The conference’s themes meticulously reflected a diversity of disciplines and academic approaches. The first two sessions, devoted to the history of the Zionist movement and Palestine under the British Mandate, brought together, among others, Rina Cohen-Muller, from the Hebrew Studies Department at INALCO, and Élisabeth Davin-Mortier from Sorbonne University, also an acclaimed Hebraist. Academic debates concerning the history of Zionism have long opposed researchers who situate this movement within the resurgence of 19th-century European nationalisms and those who interpret it as an offshoot of colonialism. In his contribution, academic Lorenzo Kamel aimed precisely to critically evaluate both approaches, moving beyond the often Manichean interpretations of contemporary historiography.
In addition to fully respecting the plurality of academic schools of thought, we reiterate that the selection of speakers was guided solely by their scholarly excellence. Accusing these researchers of antisemitism or mere “activism” amounts to baselessly disqualifying their work — research that has been rigorously peer-reviewed and published in the most prestigious scientific journals.

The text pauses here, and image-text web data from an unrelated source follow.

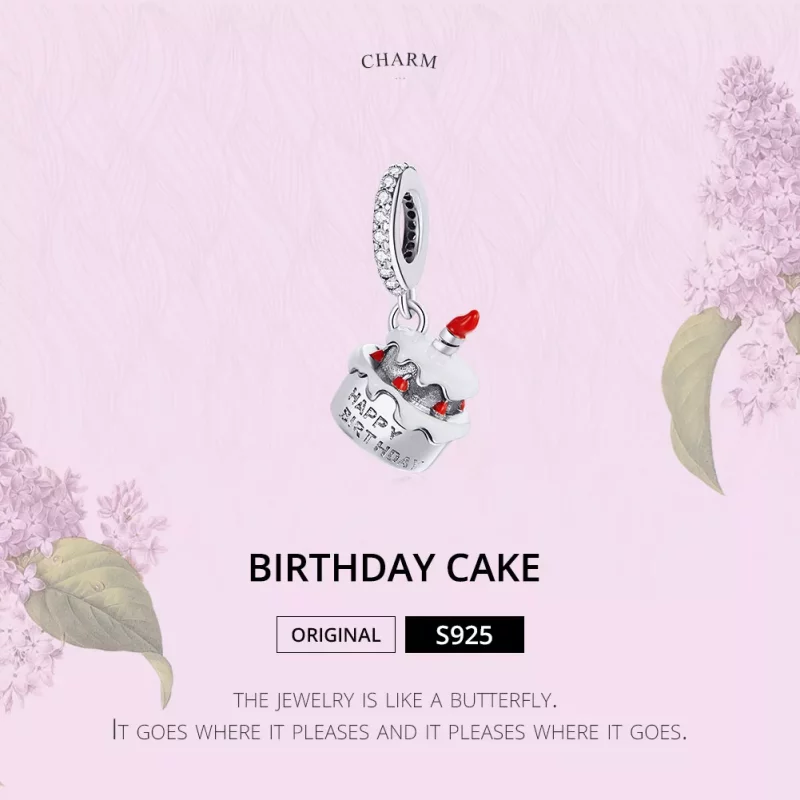 (imagen para) Colgante de tarta de cumpleaños plateado con estilo Pandora - SCC1848 - Ver 7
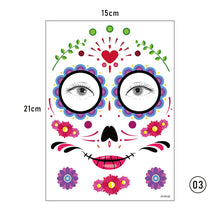 Load image into Gallery viewer, Halloween Face Tattoo Stickers Funny Temporary Face Art Tattoo Stickers Waterproof Sweatproof Tattoo Stickers
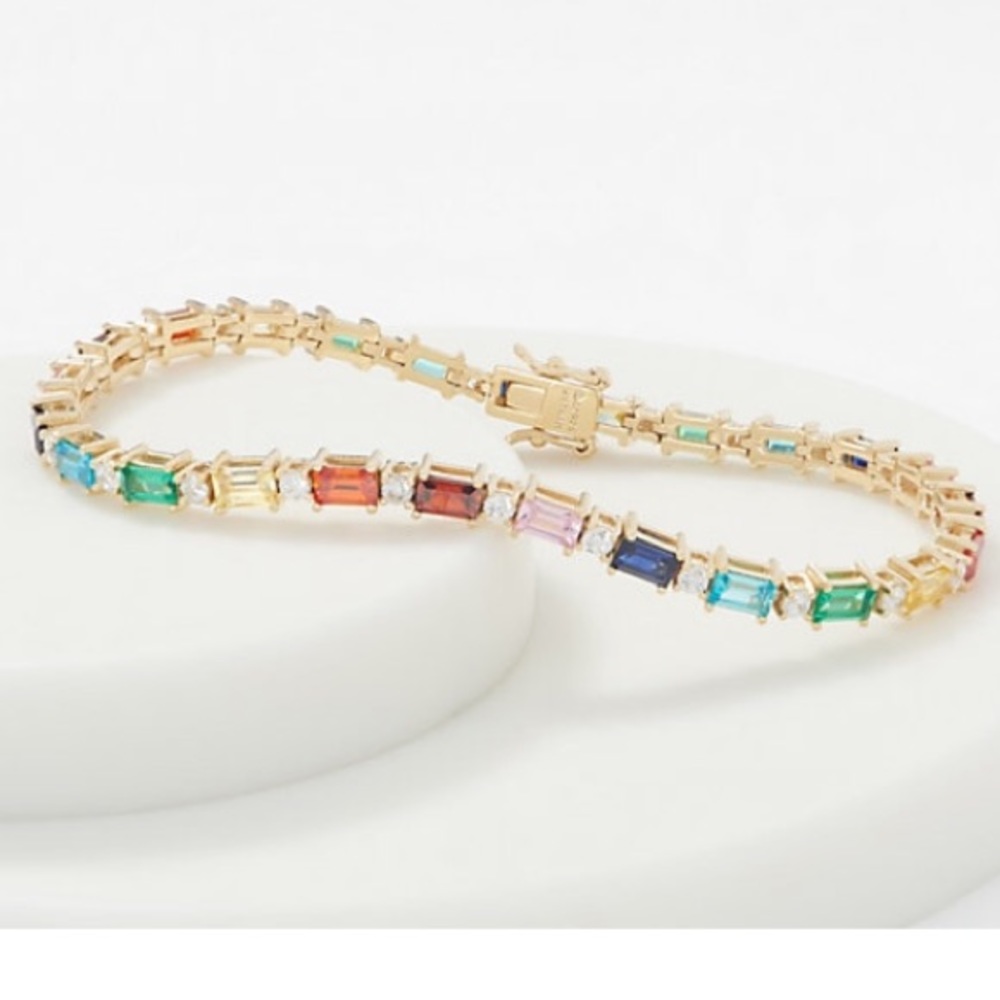Diamonique Rainbow Baguette Tennis Bracelet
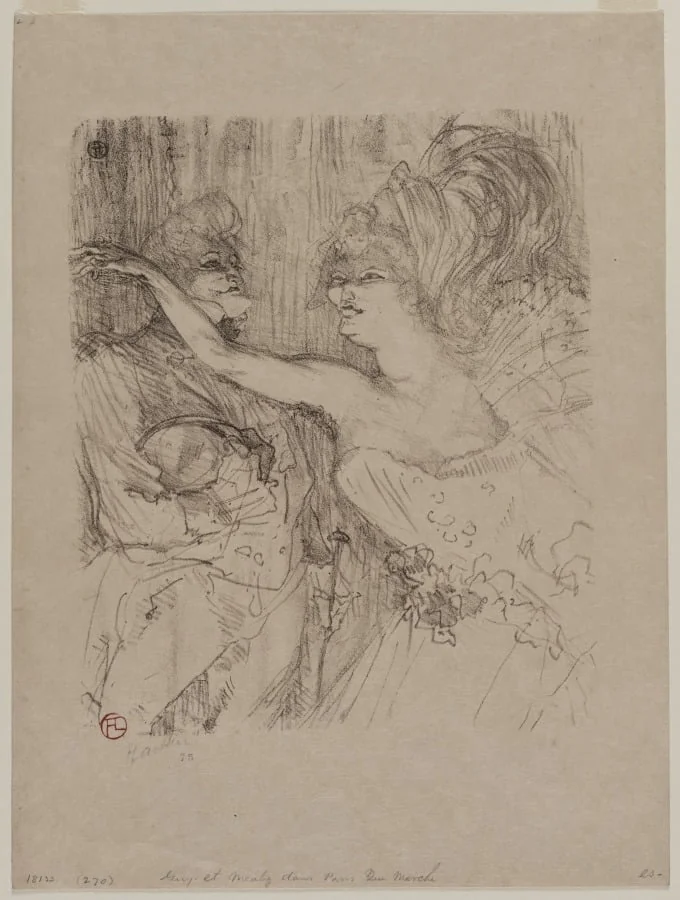 Guy and Mealy, in "Paris qui  Marche", by Henri de Toulouse-Lautrec, 1898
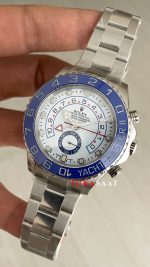 Rolex Yacht Master II Mercedes Hands 44 mm 116680 Silver Replika Saat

This deliberate confusion between scholarly evaluation and ideological control directly jeopardizes the independence of knowledge. Research is not meant to be politically “balanced”: it must be grounded in competence, methodology, and intellectual integrity.
While the direct politicization of scholarship to condemn and even punish researchers working on Palestine is already widespread across the Atlantic, we now witness with dismay its spread throughout Europe – and we refuse to remain passive in the face of its extension to French academic institutions.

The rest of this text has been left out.